Monday, May 08, 2006

4th Place is The First Loser & Aliens, Robots, and Mutants

This weekend was supposed to be the big Triathlon. (Well, big for those of us who are not professional triathletes and just want to brag to friends that WE can swim, bike, AND run.) Alas, the weather did not cooperate as the swim and bike were cancelled. So we had a 5K fun run. I was hanging in the back with some friends where I thought that we would kind of just have fun. Well, shortly after the race began we began to get separated and about a 1/2 mile into the race I started to go. My time? Right around 22 minutes for what was apparently 3.2 miles. Respectable, but not fast.

The disappointment?

The 1st-3rd place winners in each age group won prizes. I got 4th. Are you kidding me? If I had known there were prizes on the line I would have booked it! Anyway, there will be more triathlons as the summer progresses, and hopefully no more 4th place finishes.

Mission Impossible III was good. Not great. Entertaining, a few good little plot twists- basically what I was expecting. The first one is still the best- a really great script.

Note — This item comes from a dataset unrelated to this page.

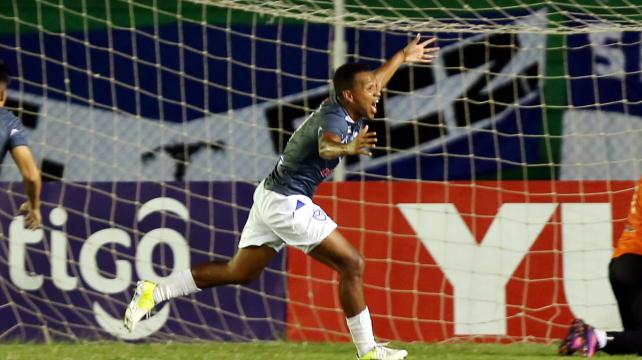 Reinoso le marcó tres goles a Blooming. Fue su mejor partido. Foto: EL DEBER %image_alt%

I think we have actually gotten to the point where the only feasible action heroes in the future will be Aliens, Robots, and/or Mutants. At some point the ridiculous stunts that are portrayed in the genre are going to exceed the audience's willingness to suspend disbelief. If we take a look at some recent and current action flicks- I, Robot (Will Smith is part bionic, a more "human" robot plays the sub-hero), the X-Men trilogy (a fun take on mutated genes- although there is NO proof of beneficial mutations ever happening in human history- bring it Darwinites), and the upcoming "new" Superman movie (Superman is an alien after all) we realize that we are getting to the end of what we actually expect humans to be able to do.

I propose someone make a movie whose main character is an alien sent to Earth for what other reason- to save Earth from evil HUMAN forces. However, the alien's parents in their far away galaxy fail to properly study "War of The Worlds" and their little infant immediately faces life threatening conditions upon encountering the utter filth of the viruses on our planet. Fortunately, he is discovered by a renegade biologist/mechanical engineer who gets a chance to test out his borderline insane theories and inventions on his newfound child- but- all as a benevolent gesture. (So as to end comparisons to Dr. Banner, Bruce Banner's pops in the Hulk). Due to changes in the earth's atmosphere brought about through gases emitted from the rotting heaps of giant batteries used by the first generations of hybrid vehicles (this movie would have to be set in the future- allows for more suspension of the aforementioned disbelief) the vehicle the child is inside of slams incredibly hard into "pick-your-farmland-of-choice", thus ripping the child's left arm off. (For those of you who think that battery acid would be in liquid form, and thus never become a gas- you forget that in the future, the earth will be a nice tepid 100-150 F everywhere which will actually aid in the evaporation process of the battery acid. Conveniently, the "farmland" will also be a ridiculously hard surface due to 50 years of drought which allows for the violent landing/arm-ripped-off part of the plot to be more feasible.)

The child will then be raised as an alien/robot/mutant- the mutant part comes from his crazy pops having to find a way to instanteously heal his rapidly deteriorating non-human body. He will get shot 18 times when his family is forced to move to the 'hood- after his father and mentor dies suddenly by giant windmill blade on their windfarm. (Re: early 21st century nostalgia for 50 Cent and the windfarm of Mi III) The child will somehow persevere through his government-sponsored mentorship program and his inherent advantage of being an alien. He will go on to fight a giant secret army of half-human, half-robot beings (deliberately stolen from... I mean in homage to... Star Wars) that are sponsored by the joint powers of B.O.B. (Big Oil Boys) In the end, he wins, but still feels incomplete- a problem that is solved when his asexuality is discarded in favor of marriage to Jake Gyllenhaal, the patriarch of a vast polygamous homosexual empire. Jake Gyllenhaal- the gay Hugh Hefner of the polygamous future. The only reason he marries? Tax benefits.